2025’in ana konusu yine enflasyonla mü­cadelenin devamı ve enflasyon­la mücadeleyi belirli bir seviyeye getirmek. Buna bağlı olarak da fa­izlerin ne zaman ve ne hızla düşe­ceğini de tartışacağız. Enflasyon­la mücadelemiz devam ediyor ve trend olarak bazı alt kalemlerde olumlu gelişmeler olduğunu gö­rüyoruz; ancak aylık veriler ha­la istenilen seviyelerden yüksek. Dezenflasyon sürecinde, Merkez Bankası politika faiz oranı ve pa­ra politikası kararları ile birlikte maliye politikalarının eş güdüm içerisinde belirlenmesi gerektiği­ne inanıyoruz” dedi.

“Yapay zekâ enflasyonu pozitif etkileyecek”

2025 yılı için bir diğer önemli konunun ise, yapay zeka ve yüksek teknoloji kullanımının ülke ekonomileri ve şirketlere yapacağı etki olduğunu ifade eden Mahmut Özgener, “JP Morgan Emerging Markets değerlendirmesine göre; gelecekteki küresel büyümenin kaynakları sadece fiziksel ve insani sermayeden kaynaklanmayacak; yapay zeka kaynaklı teknoloji başta olmak üzere toplam faktör verimliliğine bağlı gelişmeler önemli bir rol oynayacak.

Yapay zeka gibi teknoloji kaynaklı gelişmelerin, toplam faktör verimliliği üzerinde ve dolayısıyla önümüzdeki dönemde büyümeye ve enflasyona dünya genelinde pozitif etkisi olacağı düşünülüyor. Yakın gelecekte, bu etkiyi teknoloji süreçlerine daha iyi entegre edebilen aktörlerin gelişmiş ülkelerdeki büyüme oranlarına ulaşacağı tahmin ediliyor.

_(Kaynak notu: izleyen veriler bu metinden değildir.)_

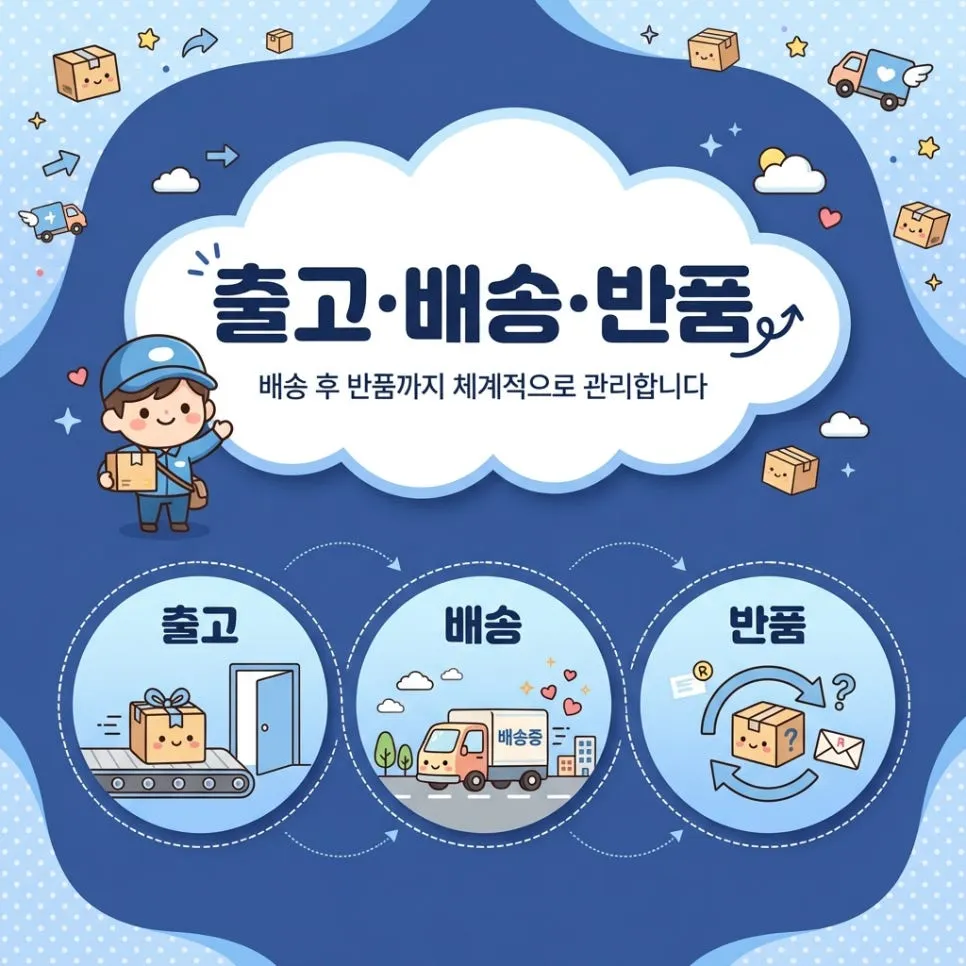 풀필먼트 도입 시기: 이런 신호가 보이면 시작하세요 설명 이미지 4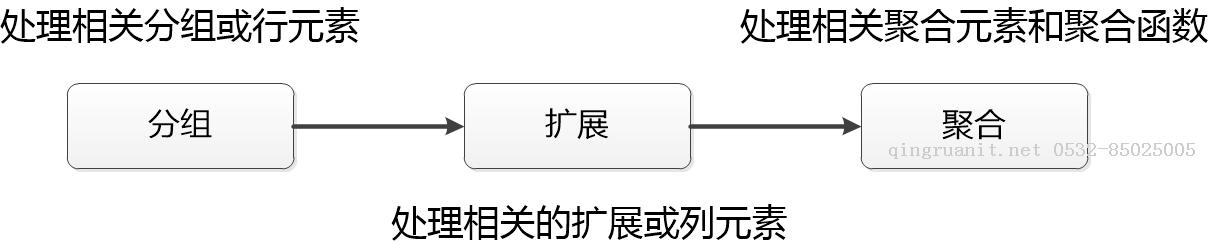 《MSSQL2008技术内幕:T-SQL语言基础》读书笔记（下）-Java培训,做最负责任的教育,学习改变命运,软件学习,再就业,大学生如何就业,帮大学生找到好工作,lphotoshop培训,电脑培训,电脑维修培训,移动软件开发培训,网站设计培训,网站建设培训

Yapay zekanın büyüme üzerinde de etkili olması, gelişmiş ülke ekonomilerinde verimlilik artışı sağlaması ancak gelişmekte olan ülkeler üzerinde aynı etkiyi yaratmaması bekleniyor. Asya’daki bazı gelişmekte olan ülkelerin de bu pozitif büyüme etkisinden faydalanacağı düşünülüyor” dedi.